KANSAS CITY, Mo. -- Waiters in white aprons maneuvered through a noisy cocktail party here Tuesday evening, offering heaping platters of jumbo shrimp, lamb chops and crab-stuffed mushrooms to a crowd of people in town for an annual food aid conference dedicated to ending world hunger.
As shipping and agribusiness executives, charitable workers, lobbyists and federal employees mingled at Morton's steakhouse, Charles Worledge, who works for the Long Island-based Sealift Inc., a major shipper of American food to the hungry, offered an insight essential to understanding the politics of food aid.
"I thought this was a charity," he explained during the party, for which another shipping company played host. "It's not. It's a business."
It was here in Kansas City, at the 2005 food aid conference, that the Bush administration pushed for a fundamental change in food aid that would have diminished profits to domestic agribusiness and shipping companies. It proposed allowing a quarter of the Food for Peace budget to be used to buy food in poor countries near hunger crises, rather than buying only American-grown food that had to be shipped across oceans.
And Secretary of Agriculture Mike Johanns spoke at the conference Wednesday to again make the administration's case for the same idea, contending that such a policy would speed delivery, improve efficiency and save many lives.
Congress in each of the past two years killed the proposal, which was opposed by agribusiness and shipping interests who stood to lose business, even as it won support from liberal Democrats like Reps.
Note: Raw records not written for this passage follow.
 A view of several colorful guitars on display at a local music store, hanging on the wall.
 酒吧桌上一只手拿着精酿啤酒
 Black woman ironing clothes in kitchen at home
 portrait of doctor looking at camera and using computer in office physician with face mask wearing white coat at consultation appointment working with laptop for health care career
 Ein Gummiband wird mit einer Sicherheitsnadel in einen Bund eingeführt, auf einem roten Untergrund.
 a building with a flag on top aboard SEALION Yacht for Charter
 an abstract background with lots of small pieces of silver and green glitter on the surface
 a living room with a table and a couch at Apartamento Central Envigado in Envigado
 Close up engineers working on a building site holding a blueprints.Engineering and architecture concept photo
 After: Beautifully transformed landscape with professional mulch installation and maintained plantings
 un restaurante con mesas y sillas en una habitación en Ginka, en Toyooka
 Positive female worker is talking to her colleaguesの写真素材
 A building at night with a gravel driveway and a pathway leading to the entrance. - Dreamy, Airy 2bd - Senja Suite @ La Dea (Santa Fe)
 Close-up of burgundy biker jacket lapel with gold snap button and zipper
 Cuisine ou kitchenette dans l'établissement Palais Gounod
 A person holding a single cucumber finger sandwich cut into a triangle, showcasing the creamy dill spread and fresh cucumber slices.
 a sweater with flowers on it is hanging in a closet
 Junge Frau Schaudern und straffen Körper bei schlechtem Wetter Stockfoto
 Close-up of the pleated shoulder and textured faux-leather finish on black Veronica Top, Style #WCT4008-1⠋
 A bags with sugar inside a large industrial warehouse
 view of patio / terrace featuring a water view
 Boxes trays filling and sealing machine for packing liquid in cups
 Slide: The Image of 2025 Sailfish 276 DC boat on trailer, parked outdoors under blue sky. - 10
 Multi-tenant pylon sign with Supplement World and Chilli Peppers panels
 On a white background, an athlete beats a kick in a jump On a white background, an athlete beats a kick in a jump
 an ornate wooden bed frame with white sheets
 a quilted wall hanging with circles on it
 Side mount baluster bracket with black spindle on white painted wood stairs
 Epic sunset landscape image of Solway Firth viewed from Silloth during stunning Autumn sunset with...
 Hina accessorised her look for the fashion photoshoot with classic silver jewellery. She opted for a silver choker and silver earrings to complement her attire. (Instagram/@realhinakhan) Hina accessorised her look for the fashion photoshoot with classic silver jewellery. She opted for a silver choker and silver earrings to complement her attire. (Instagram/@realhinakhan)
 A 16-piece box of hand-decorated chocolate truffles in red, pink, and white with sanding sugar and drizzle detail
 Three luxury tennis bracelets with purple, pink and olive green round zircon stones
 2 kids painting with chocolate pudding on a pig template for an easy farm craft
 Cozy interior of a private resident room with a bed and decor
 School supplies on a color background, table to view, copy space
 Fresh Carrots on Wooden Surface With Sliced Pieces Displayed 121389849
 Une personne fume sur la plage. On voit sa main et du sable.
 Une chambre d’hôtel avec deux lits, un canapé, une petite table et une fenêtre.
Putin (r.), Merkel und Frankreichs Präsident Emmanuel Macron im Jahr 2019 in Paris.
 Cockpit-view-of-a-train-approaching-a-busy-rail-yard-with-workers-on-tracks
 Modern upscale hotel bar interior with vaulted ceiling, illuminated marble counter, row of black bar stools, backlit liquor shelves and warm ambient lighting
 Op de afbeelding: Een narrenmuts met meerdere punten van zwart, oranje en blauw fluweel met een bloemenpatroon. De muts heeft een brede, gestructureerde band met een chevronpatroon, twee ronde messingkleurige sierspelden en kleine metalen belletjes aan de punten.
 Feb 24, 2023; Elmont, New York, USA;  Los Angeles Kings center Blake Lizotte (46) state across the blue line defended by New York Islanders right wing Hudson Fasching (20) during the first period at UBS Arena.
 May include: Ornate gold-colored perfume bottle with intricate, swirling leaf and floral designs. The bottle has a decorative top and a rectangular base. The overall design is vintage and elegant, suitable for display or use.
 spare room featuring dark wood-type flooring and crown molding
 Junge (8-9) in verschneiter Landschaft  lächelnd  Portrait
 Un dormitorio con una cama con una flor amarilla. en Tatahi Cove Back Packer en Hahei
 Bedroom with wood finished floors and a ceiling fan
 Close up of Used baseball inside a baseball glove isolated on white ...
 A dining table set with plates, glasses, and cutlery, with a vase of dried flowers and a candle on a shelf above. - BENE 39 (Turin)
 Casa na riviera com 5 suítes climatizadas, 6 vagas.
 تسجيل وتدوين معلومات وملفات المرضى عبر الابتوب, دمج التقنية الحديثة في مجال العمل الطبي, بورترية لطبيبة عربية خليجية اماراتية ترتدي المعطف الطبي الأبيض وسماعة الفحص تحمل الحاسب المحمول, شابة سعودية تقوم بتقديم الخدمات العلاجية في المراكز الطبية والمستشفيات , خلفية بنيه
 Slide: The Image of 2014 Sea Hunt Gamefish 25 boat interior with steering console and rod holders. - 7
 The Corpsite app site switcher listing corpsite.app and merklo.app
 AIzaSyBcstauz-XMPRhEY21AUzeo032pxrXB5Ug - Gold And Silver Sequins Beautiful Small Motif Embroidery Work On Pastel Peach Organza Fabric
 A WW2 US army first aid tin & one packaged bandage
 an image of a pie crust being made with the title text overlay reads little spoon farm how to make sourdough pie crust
Barney Frank of Massachusetts and Earl Blumenauer of Oregon - generally not a set of lawmakers found in the president's corner.
But there are signs that the frozen politics of the issue are beginning to thaw, especially as evidence of flaws in the current aid system increases.
A Government Accountability Office report released on the eve of this conference described in stark detail a system rife with inefficiencies: The amount of food shipped over the past five years has fallen by half as shipping and other logistical costs have soared. Only a little more than a third of federal food aid spending actually buys food. The United States feeds about 70 million people a year now instead of the more than 100 million it fed five years ago.
And experts worry that the food aid budget will feed even fewer of the world's 850 million hungry people as soaring demand for corn to make ethanol drives up the cost of that staple, a mainstay of food aid programs.
This year, some farm state lawmakers are for the first time considering backing a pilot program to test buying food overseas. Rep. Jo Ann Emerson, a Missouri Republican on the Agricultural Subcommittee of the House Appropriations Committee, opposes major changes in food aid, but, she said, "doing a small demonstration is fine with me."
And some influential supporters of the administration's more ambitious proposal are speaking out. Former President Bill Clinton recently said at a fundraiser for Bread for the World, a Christian group that lobbies on hunger issues, that it was to Bush's "everlasting credit" that he had proposed buying food aid in poor countries. Such a policy had never crossed his mind when he was president, Clinton said, but he thought it was a great way to help farmers in Africa and buy food more efficiently.
And while an alliance of 15 nonprofit groups involved in food aid has endorsed only a pilot program for local purchase, Catholic Relief Services, which has a million donors and links with 13,000 parishes, has embraced the administration's proposal. Addressing hundreds of people assembled at the conference, Ken Hackett, president of the agency, which is a major player in food aid, declared, "CRS supports the administration's request for greater flexibility through local purchase."
At perhaps no time since the government's food aid program was created during the Eisenhower administration over a half-century ago has there been more ferment about its future among scholars, politicians and advocates for the poor.
Over the years, the farm programs evolved, and the government shifted to buying virtually all food on the open market, but the requirement that it be grown in the United States never changed. In recent years, the United States has bought more than half the food for its aid programs from just four agribusinesses and their subsidiaries: Archer Daniels Midland, Cargill, Bunge and Cal Western Packaging, according to the Agriculture Department.
Some researchers and advocates say it is time to rethink the American approach to fighting world hunger.
"Are we committed to eradicating hunger because it's feasible, not terribly expensive and our moral obligation as the richest society in human history?" asked Christopher B. Barrett, a Cornell University economist and the co-author of Food Aid After Fifty Years. "Or are we just trying to placate a few agribusiness, shipping and NGO constituencies [nongovernmental organizations] with a handout?"